Cybercrime in Australia: 20 Years of In-Action
Nigel Phair's exploration of cyber-crime and what Australia needs to do to stop it.

With 300,000 cyber-crimes each year, costing over $42 billion, Australia has less than 100 dedicated cyber-crime investigators. Do you think Australian police forces are investing adequately in the fight against cyber-crime?

I think it comes down to culture, particularly at the state and territory policing levels. Police commissioners are focused on news headlines and allocate resources accordingly.

I don’t think the upper echelons of our policing agencies fully appreciate how much time we, as citizens and consumers, spend in the online environment. From first thing in the morning, to last thing at night, we are online doing a range of personal and professional things. We need to think of the internet as another public place – just like an online ‘town square’.

Only when the upper echelons of law enforcement fully understand how much we use the online environment, then will they begin to understand the extent to which crime is perpetrated through that environment. At that point will they start dedicating more policing resources to fighting cyber-crime.

So, in the meantime Australian businesses are left to fend for themselves?

Essentially that’s right.

We should replicate our traditional offline policing methods in the online environment.

As a nation, we have many online policing challenges to address - so yes, businesses need to protect themselves.
Nigel Phair
Director, Enterprise - Institute for Cyber Security, UNSW

If you think of a bricks and mortar business, like a shop or a factory, they take physical security measures, such as locking their doors or running CCTV. They take responsibility for making sure everything is secure.
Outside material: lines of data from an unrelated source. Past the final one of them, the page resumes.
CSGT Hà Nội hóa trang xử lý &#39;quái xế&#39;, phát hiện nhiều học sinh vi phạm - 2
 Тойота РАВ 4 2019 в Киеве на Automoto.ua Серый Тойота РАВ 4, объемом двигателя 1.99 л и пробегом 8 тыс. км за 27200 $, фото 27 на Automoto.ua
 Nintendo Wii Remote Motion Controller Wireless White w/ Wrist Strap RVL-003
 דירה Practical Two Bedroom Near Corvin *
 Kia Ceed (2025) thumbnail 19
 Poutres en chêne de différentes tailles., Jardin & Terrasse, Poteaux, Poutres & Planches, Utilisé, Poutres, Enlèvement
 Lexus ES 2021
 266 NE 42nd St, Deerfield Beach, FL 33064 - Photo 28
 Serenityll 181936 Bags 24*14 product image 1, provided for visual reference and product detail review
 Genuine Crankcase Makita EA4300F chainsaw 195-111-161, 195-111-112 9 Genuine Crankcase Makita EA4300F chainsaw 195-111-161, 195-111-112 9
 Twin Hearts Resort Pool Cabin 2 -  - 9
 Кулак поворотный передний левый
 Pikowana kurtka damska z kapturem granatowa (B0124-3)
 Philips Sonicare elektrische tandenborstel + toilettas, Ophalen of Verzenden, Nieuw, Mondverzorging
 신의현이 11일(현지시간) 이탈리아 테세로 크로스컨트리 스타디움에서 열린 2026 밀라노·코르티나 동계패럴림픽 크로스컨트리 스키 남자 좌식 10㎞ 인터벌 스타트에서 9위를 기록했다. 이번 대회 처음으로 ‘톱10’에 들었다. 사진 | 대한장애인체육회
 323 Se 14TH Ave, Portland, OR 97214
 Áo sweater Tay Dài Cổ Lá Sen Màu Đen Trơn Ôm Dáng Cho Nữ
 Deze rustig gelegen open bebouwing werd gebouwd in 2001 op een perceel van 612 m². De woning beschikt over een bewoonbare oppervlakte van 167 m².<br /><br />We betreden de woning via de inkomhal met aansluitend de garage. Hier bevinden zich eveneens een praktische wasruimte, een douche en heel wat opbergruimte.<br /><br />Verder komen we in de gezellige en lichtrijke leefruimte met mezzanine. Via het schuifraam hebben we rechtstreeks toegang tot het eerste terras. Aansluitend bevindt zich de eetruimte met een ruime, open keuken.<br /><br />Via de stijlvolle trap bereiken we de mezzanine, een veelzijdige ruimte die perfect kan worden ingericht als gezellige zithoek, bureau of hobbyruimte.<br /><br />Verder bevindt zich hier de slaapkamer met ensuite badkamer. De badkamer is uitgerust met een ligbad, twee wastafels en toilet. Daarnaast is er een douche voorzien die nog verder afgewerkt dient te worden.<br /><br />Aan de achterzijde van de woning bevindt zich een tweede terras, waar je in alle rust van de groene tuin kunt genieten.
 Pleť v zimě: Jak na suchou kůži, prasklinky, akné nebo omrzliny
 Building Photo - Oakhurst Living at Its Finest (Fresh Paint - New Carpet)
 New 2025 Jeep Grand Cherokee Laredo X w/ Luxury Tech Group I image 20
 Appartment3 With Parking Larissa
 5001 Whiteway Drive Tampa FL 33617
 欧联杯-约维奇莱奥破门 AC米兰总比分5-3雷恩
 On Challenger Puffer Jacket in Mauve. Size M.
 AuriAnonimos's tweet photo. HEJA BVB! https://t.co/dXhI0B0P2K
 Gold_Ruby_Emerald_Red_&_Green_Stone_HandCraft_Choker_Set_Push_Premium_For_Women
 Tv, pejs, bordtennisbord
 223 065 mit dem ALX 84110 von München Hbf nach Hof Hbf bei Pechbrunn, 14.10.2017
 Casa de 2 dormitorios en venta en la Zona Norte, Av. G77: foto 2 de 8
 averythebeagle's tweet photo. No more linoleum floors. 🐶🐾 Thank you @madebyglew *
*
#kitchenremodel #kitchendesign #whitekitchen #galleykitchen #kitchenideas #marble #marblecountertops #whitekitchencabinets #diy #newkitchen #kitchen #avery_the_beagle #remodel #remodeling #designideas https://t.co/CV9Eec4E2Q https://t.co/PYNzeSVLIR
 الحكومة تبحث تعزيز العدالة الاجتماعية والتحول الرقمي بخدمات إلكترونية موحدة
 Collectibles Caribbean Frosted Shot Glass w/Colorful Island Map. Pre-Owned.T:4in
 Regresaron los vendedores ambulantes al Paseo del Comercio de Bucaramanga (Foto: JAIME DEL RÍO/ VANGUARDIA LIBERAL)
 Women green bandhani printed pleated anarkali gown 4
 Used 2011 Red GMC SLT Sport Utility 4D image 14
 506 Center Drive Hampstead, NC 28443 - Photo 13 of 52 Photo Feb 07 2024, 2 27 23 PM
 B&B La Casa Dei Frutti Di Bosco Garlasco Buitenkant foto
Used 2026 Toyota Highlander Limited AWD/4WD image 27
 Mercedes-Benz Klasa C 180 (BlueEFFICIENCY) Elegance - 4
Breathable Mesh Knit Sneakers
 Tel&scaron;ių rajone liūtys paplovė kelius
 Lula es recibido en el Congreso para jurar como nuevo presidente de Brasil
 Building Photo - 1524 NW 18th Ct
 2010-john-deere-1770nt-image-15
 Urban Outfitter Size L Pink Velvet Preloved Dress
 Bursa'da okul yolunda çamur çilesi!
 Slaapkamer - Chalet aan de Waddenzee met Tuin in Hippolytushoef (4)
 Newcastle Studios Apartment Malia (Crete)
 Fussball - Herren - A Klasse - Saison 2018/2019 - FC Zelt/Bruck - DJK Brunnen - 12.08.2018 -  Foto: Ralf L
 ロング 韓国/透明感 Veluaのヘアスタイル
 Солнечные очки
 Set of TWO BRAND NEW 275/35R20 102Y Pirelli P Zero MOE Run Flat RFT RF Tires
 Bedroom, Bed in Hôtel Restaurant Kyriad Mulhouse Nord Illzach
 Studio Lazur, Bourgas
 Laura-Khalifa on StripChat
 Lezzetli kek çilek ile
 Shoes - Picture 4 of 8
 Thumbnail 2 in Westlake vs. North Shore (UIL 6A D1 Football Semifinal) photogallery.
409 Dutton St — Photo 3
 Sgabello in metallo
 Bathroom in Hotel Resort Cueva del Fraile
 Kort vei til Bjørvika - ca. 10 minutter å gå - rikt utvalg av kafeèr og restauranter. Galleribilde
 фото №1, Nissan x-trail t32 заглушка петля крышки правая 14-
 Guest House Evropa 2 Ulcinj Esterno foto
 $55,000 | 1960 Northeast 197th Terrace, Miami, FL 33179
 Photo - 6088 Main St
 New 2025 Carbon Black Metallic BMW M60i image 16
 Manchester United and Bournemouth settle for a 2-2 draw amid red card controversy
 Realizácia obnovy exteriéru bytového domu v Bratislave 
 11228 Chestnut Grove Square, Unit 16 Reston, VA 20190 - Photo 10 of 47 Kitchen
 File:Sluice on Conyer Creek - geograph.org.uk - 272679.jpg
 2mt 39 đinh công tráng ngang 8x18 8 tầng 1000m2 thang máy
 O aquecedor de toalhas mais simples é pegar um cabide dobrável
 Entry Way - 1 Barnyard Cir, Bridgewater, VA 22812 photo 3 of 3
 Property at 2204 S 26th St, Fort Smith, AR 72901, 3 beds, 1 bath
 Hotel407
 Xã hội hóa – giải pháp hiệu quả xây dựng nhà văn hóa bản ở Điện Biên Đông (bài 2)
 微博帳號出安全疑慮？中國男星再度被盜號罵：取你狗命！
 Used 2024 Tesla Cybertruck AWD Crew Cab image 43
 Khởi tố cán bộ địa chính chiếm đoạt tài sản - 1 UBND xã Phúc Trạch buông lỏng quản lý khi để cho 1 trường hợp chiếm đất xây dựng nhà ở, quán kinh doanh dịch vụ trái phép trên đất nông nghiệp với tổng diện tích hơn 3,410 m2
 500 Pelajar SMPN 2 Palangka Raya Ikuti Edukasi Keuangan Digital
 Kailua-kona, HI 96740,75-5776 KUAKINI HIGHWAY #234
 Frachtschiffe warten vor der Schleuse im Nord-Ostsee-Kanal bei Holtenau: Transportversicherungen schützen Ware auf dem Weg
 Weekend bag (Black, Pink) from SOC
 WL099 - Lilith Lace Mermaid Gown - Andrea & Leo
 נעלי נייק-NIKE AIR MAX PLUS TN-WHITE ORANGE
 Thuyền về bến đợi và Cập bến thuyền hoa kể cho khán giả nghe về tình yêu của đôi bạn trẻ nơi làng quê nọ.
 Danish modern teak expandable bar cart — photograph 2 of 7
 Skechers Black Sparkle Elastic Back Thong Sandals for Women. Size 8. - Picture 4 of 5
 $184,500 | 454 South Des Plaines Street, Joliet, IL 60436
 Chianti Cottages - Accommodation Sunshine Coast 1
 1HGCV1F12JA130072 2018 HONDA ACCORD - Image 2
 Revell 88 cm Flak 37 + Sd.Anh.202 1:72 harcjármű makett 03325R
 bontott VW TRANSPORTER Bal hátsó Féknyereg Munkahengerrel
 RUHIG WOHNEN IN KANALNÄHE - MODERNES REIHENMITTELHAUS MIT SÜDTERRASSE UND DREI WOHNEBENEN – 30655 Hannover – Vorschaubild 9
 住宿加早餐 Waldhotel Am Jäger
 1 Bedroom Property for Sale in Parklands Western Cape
Businesses need to put that same level of thinking into their online environment – it’s all about risk management.

They need to think: “I have a customer database, I have unique intellectual property, I have an online sales platform…What do I need to do to protect that as best I can and become a resilient business?”

You argue Australia needs a dedicated cyber-crime strategy, distinct from our national cyber security strategy. What is the difference between the two, and is this division something that should be replicated within the private sector?

Cyber security has become a catch all phrase. Many businesses are rightfully creating a cyber security strategy.

I make the distinction between the two because a lot of the focus is on cyber security threats. However, we are not focused as much as we should be on the low-level cyber-crime threats, such as fraud and scams, most of which are never reported to authorities. We estimate only one in five such cyber-crimes is being reported.

Both police and business need to recognise the threat from lots of low-level cyber-crime. Organisations need to develop strategies of how to avoid cyber-crime, just as they fight crime in offline environments.

Given the levels of fraud and scams, should an organisation’s CFO or CISO take responsibility for its cyber-crime strategy?

Definitely the CFO.

The CFO is focused on the dollars and cents. So, that’s the person who should be in charge of the cyber-crime strategy.

It’s the CFO who should oversee the risk assessments and conduct the cost-benefit analyses when it comes to investing in cyber-crime mitigation.

 

Because cyber-crime is all about fraud and scams, and businesses need to protect their money, the CFO is the logical individual in an organisation to oversee the development of a cyber-crime strategy.
Nigel Phair
Director, Enterprise - Institute for Cyber Security, UNSW

Are Australian CFOs equipped to develop cyber-crime strategies?

On the whole – no.

Of course there are some exceptions. But it all starts with having the right culture.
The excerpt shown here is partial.